If she goes to preach at an official church, she says, "There will be perhaps 1000 people and 95% of them are over 65. So it's a sunset church. But if I went to house church – there would be 1000 people; perhaps 20 of them in their 50s, and all the rest are youngsters. The older ones will all be professors at the universities. So these are the future of the churches. They have registered pastors, and no access to seminaries: But they have youth, and future, and money."
Calvinism isn't a religion of subservience to any government. The great national myths of Calvinist cultures are all of wars against imperialist oppressors: the Dutch against the Spanish, the Scots against the English; the Americans against the British. So when the Chinese house churches first emerged from the rubble of the Cultural Revolution in the 80s and 90s "They began to search what theology will support and inform [them]. They read Luther and said, 'not him'. So they read Calvin, and they said 'him, because he has a theology of resistance.' Luther can't teach them or inform them how to deal with a government that is opposition."
And, though the communists stigmatised Christianity as a foreign religion, they also and still more thoroughly smashed up the traditional religions of China: "The communist, socialist critique of traditional religion, and of Confucianism has been effective", she says: "The youngsters think it is very cool to be Christian. Communism has removed all the obstacles for them to come to Christianity."
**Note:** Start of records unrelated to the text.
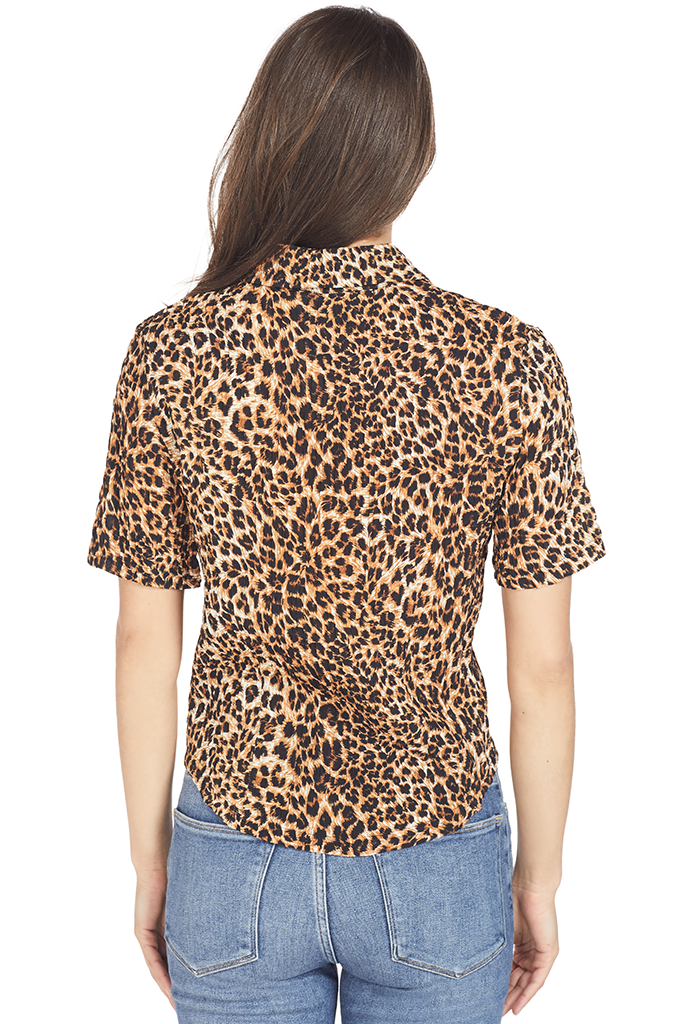 Nanushka Fitted Short Sleeve Shirt (Ocelot)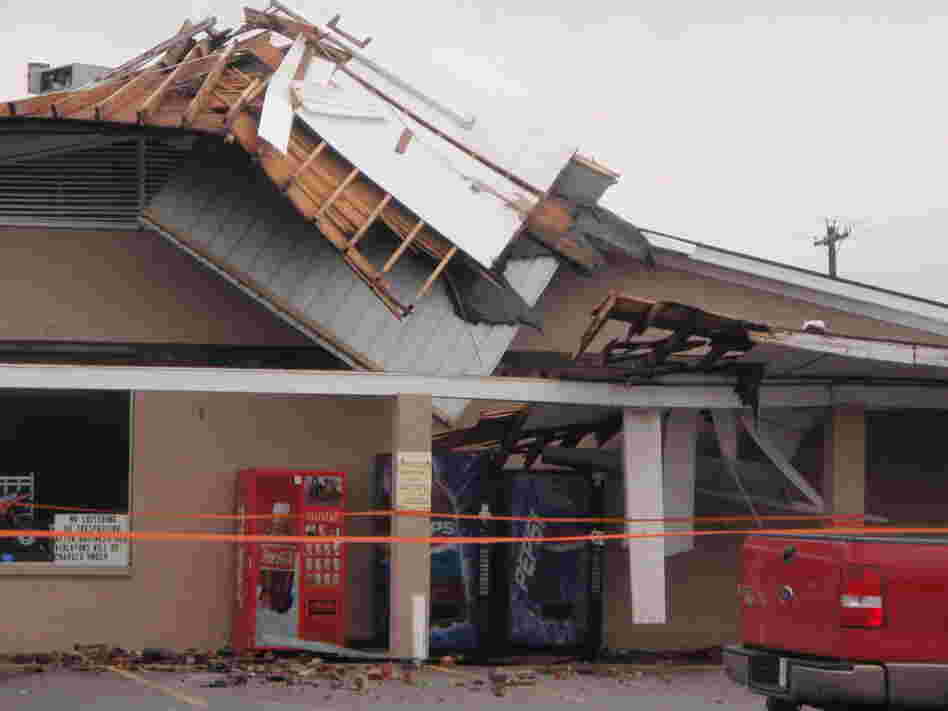 Damage to a gas station in Murray, Ky. The photo was taken this morning (April 26, 2011).
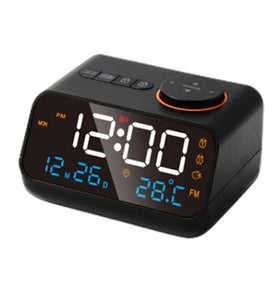 Multi-Functional LED Voice Control Clock Hygrometer FM Radio Dual Alarms Adjustable Brightness Temperature Humidity Display USB Charging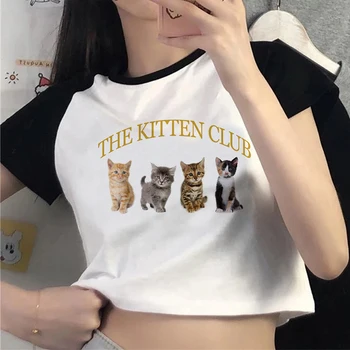 אופנה קוריאנית העליון של נשים אסתטיקה מועדון חתול אגדה גותית קומיקס חמוד Harajuku בגדים שרוול קצר למעלה y2k פאנק emo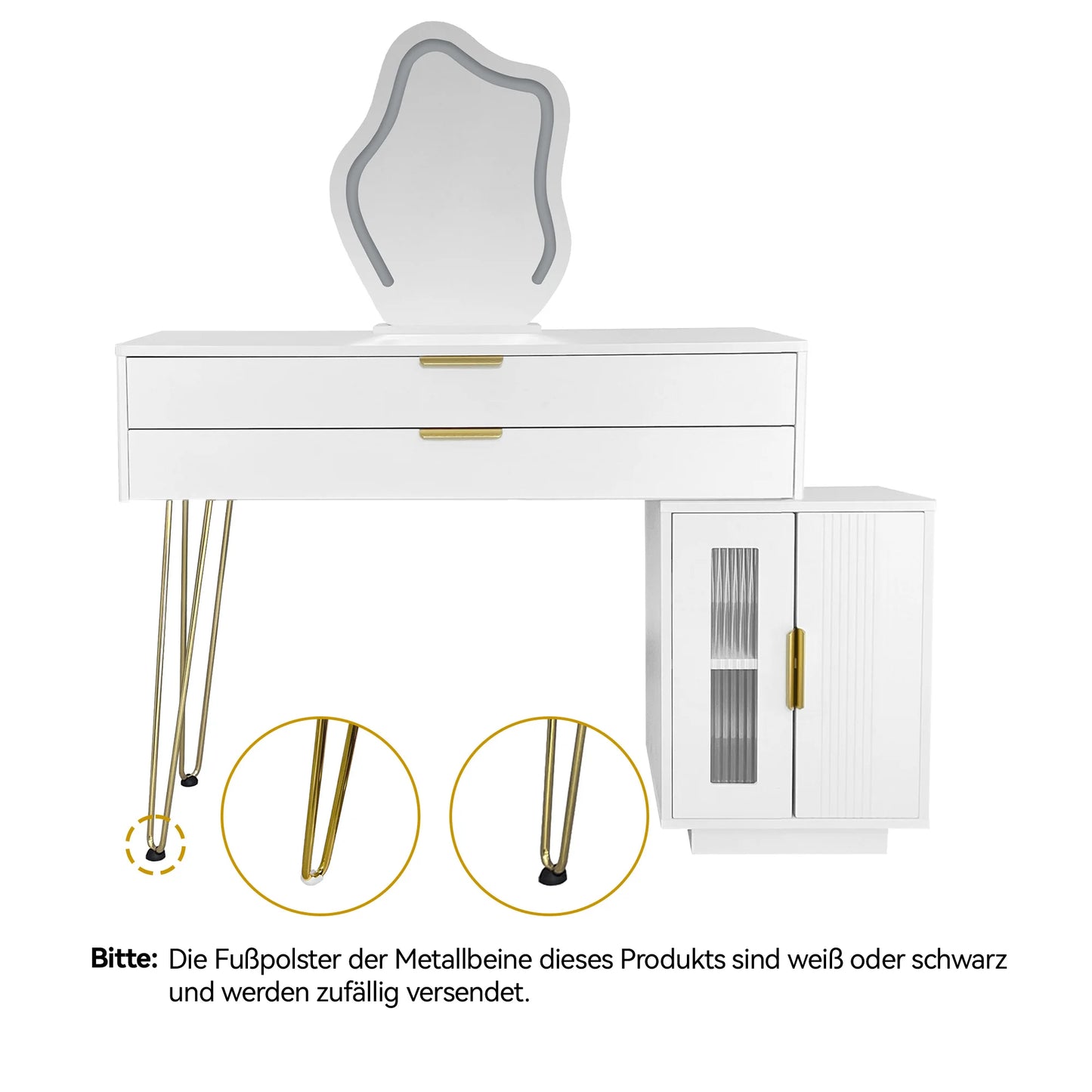 Sminkbord med LED-spegel – Modern Vit Design med Utdragbar Funktion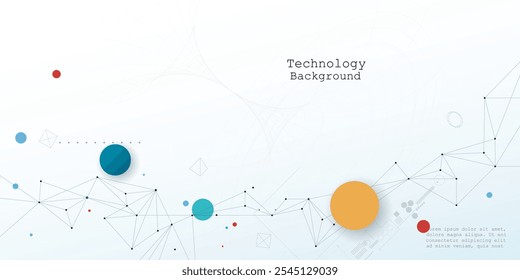 Vector illustration abstract modern technology design. White circle, geometric shape, wave wireframe line pattern and circuit board on white - grey background. Technology concept for banner, template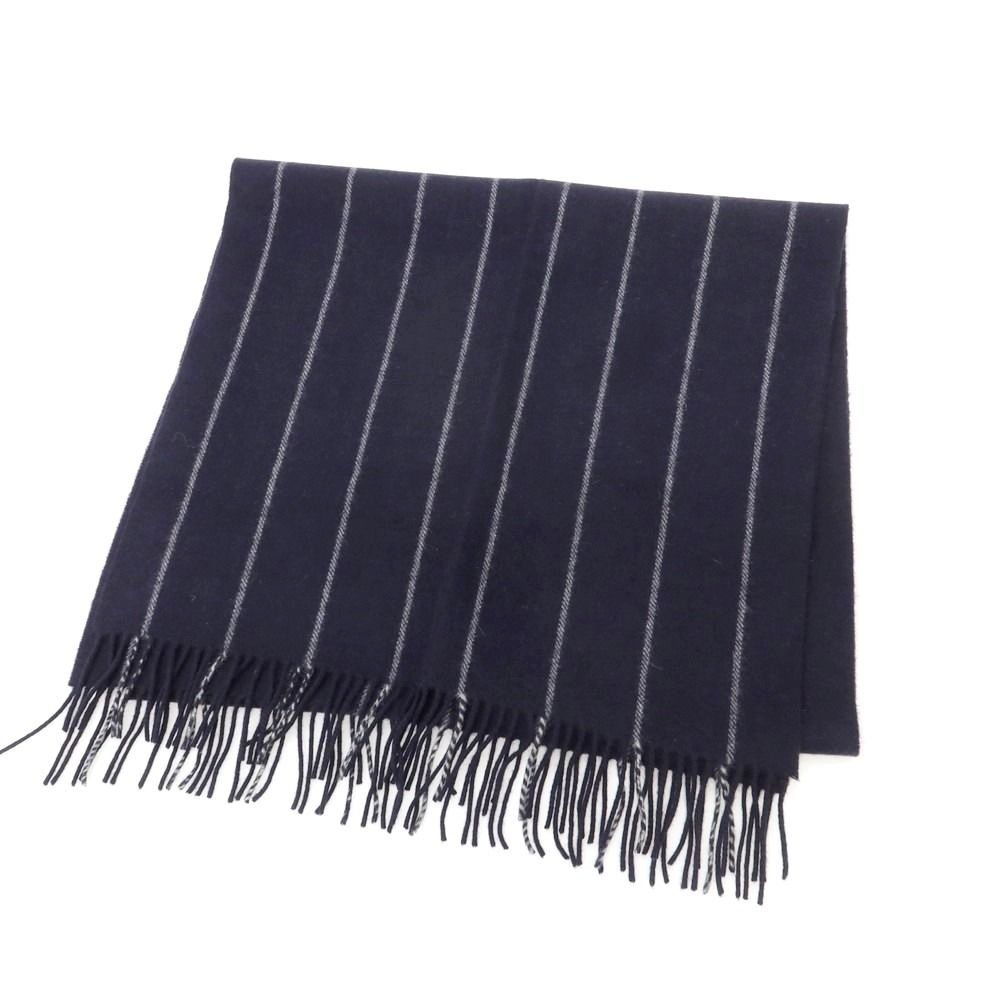 ジョンストンズ JOHNSTONS カシミヤ ストライプ マフラー ネイビーxグレー メンズ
The most conservative estimates of the new converts to Christianity is 500,000; there is a new church built every month. Calvinist Christianity has a culture of phenomenal industry. Calvin himself, in his time in Geneva, preached every day and twice on Sundays: shorthand writers at the foot of his pulpit took down 108 volumes of his sermons, though most of these have been lost and his reputation rests on the books and pamphlets that he wrote himself. In China now, this kind of Christianity is seen as forward-looking, rational, intellectually serious, and favourable to making money."